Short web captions
Start of Block

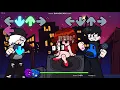 a date among the members of the Starlight Mayhem heartbass but cj and ruby sing it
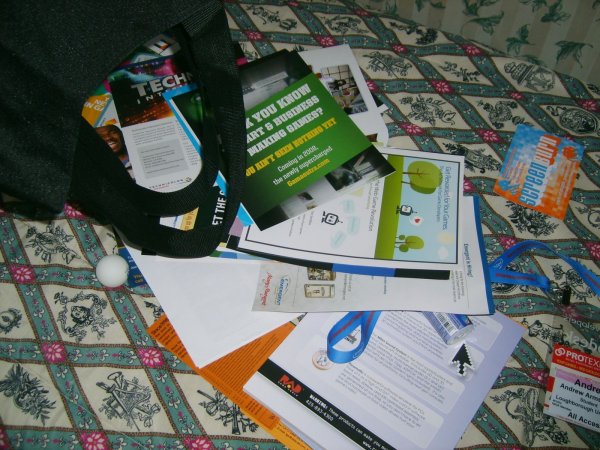 image s5000865-jpg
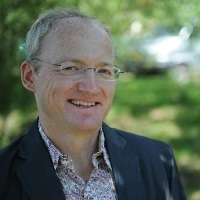 Toby Walsh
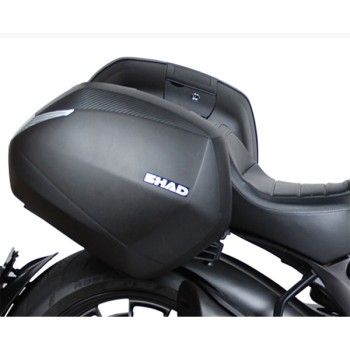 shad-3p-system-support-for-side-cases-ducati-diavel-1200-2012-2018-d0dv14if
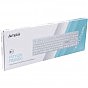 Клавіатура A4Tech FBX50C USB/Bluetooth White (FBX50C White) (U0826138)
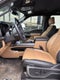 2023 Ford F-350SD Lariat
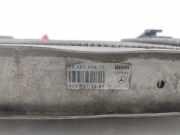 Ladeluftk?hler 6385012901 Mercedes-Benz Vito (638.0) Van 2.3 110D (OM601.970)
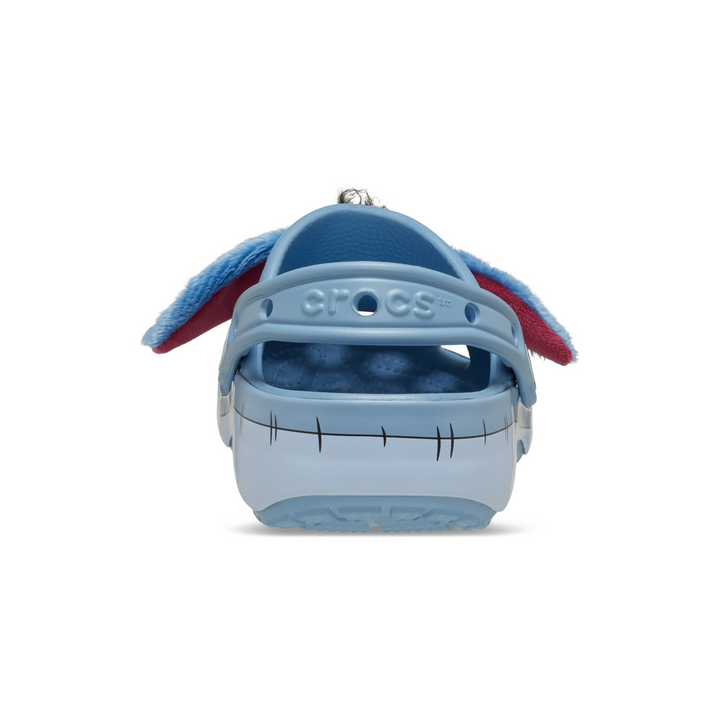 UNISEX WINNIE THE POOH EEYORE  CLASSIC CLOG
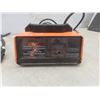 Image 4 : Battery Chargers – Qty 2
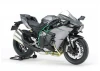 Tamiya 1:12 Kawasaki Ninga H2 Carbon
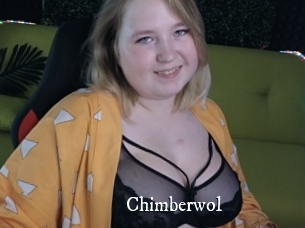 Chimberwol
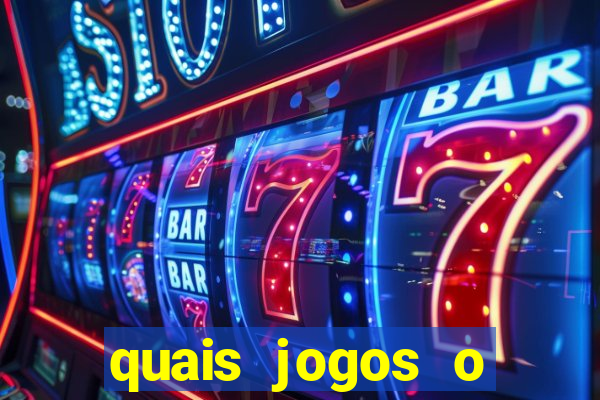 quais jogos o premiere transmite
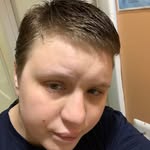 Jordan Mccarty - @mccarty9362 - Instagram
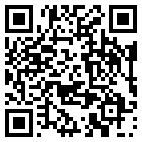 QR Code for InhaleMD in Brookline, MA 02445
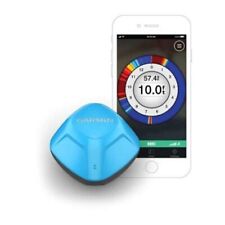Garmin gps striker usato  Pescate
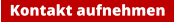 Kontakt aufnehmen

End of Block

Each entry above must be repeated word for word, minus its images.

◆ SOLUTION TO THE EXERCISE ◆
 a date among the members of the Starlight Mayhem heartbass but cj and ruby sing it
 image s5000865-jpg
 Toby Walsh
 shad-3p-system-support-for-side-cases-ducati-diavel-1200-2012-2018-d0dv14if
 Клавіатура A4Tech FBX50C USB/Bluetooth White (FBX50C White) (U0826138)
 2023 Ford F-350SD Lariat
 Ladeluftk?hler 6385012901 Mercedes-Benz Vito (638.0) Van 2.3 110D (OM601.970)
 UNISEX WINNIE THE POOH EEYORE  CLASSIC CLOG
 Image 4 : Battery Chargers – Qty 2
 Tamiya 1:12 Kawasaki Ninga H2 Carbon
 Chimberwol
 quais jogos o premiere transmite
 Jordan Mccarty - @mccarty9362 - Instagram
 QR Code for InhaleMD in Brookline, MA 02445
Garmin gps striker usato  Pescate
 Kontakt aufnehmen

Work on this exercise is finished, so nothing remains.